I went to B.A.M. (Books-A-Million) today, against my better judgement.  It is where Borders used to be and it is thoroughly depressing.  I liked Borders.  (More on that can be found here.)  It was a place where I could find books on just about anything and be happily amused for hours.  

My son wanted to go to B.A.M. today when we were in the area, so I reluctantly agreed.  After all, there are still books there.   Since the store opened, however, I have noticed that the Religion section has grown exponentially.  I didn't think much about it at first but now I can't help but notice the sheer volume and prominence of Christian goods. There are some token books on religions other than Christianity, but the Christian section is gigantic. There are Bibles of every flavor, Bible covers, devotionals, and a variety of Christian gifts.  It looks like a whole Christian bookstore in the middle of a store that also carries Christian literature.

I have also noticed that there are Christian-themed books cleverly interspersed throughout the store.  The wall that used to have neat science and nature books and kits for kids now has a generous assortment of children's Christian literature, everything from a book from a child who says he met Jesus when he died to a Bible for toddlers.
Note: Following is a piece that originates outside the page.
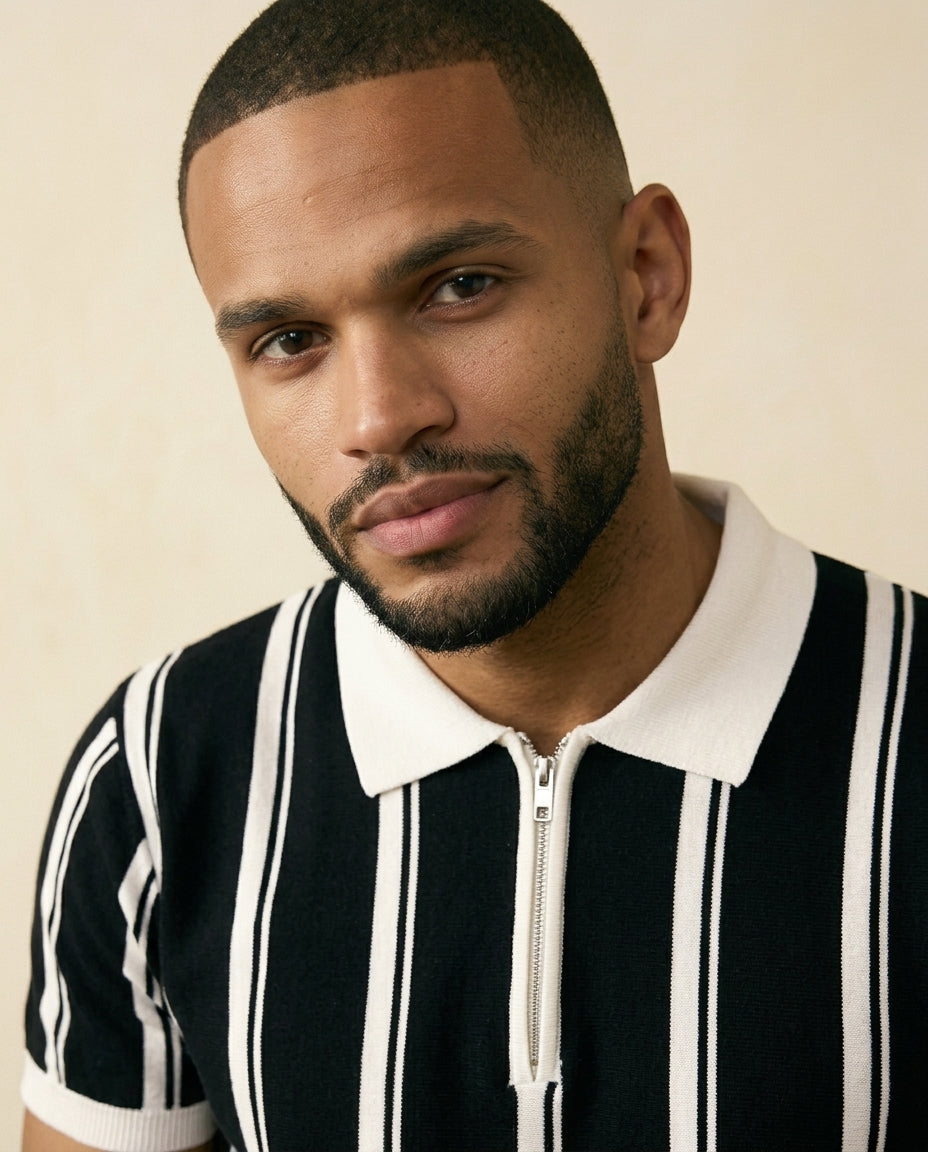Stripe Zip Polo Shirt Black White - Black + White - view 4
The toddler Bible has a convenient handle so Junior can carry it everywhere.

I tried an experiment.  I found the Science/Nature section, which took up less space than the Laminated Maps section did in Borders.  I looked carefully at the selection.  There were the usual Idiot's Guide to Astronomy, The Smithsonian's Universe, etc, and, seemingly strategically placed, were books that were more Christian apologetics than books about science. I think some of them may legitimately belong there but it seemed suspicious to me.  They weren't there in the science section at Borders.  
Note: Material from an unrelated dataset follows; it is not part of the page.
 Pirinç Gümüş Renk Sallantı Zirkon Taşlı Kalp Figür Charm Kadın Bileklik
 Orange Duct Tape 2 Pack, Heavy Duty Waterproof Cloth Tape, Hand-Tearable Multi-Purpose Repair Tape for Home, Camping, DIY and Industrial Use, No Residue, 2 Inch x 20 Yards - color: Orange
The experience generated a discussion with my son, during which I told him that some Christians try to cleverly market their religion just like toy manufacturers try to sell their goods.  He has spontaneously told me that he resents being marketed to so I used that concept to explain evangelical Christianity. I want him to understand that people will be duplicitous in order to convert others to their beliefs.  
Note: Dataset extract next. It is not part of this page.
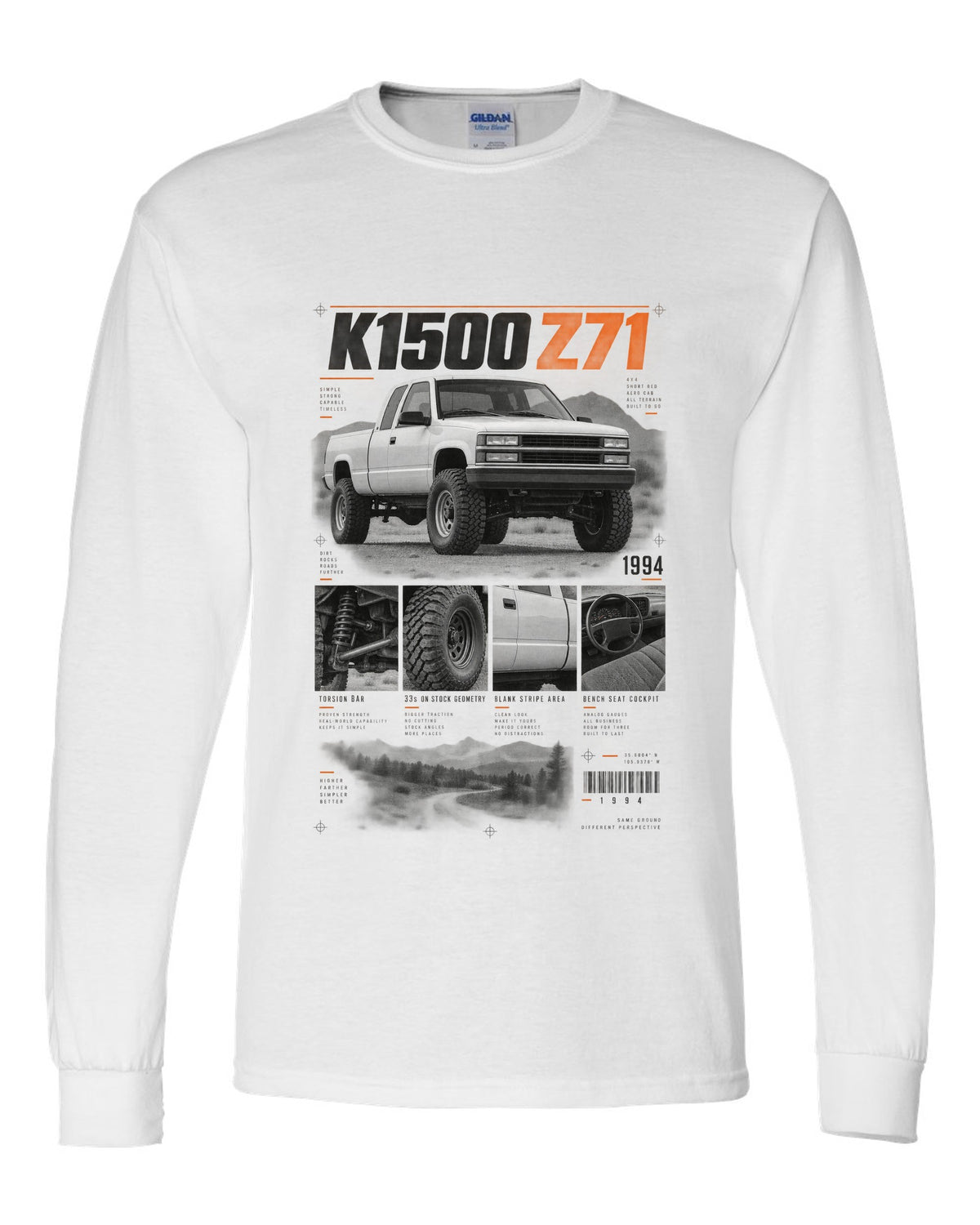 GMT400 K1500 Z71 OBS dossier panel print white long sleeve front view with the design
I think the store should present itself for what it is - a Christian bookstore that also sells other books. I wonder if I am being paranoid or overly critical.  I feel a bit put off by this.  Has anybody else experienced this type of thing or have any other thoughts about it?  Before anyone says anything, I know I don't have to go to the store. What bothers me is that many, many others will go there and will not think twice about it at all.  And bam! - there's a huge Christian bookstore in a main shopping center in New Hampshire's capitol.  It looks like a creeping Christian state to me.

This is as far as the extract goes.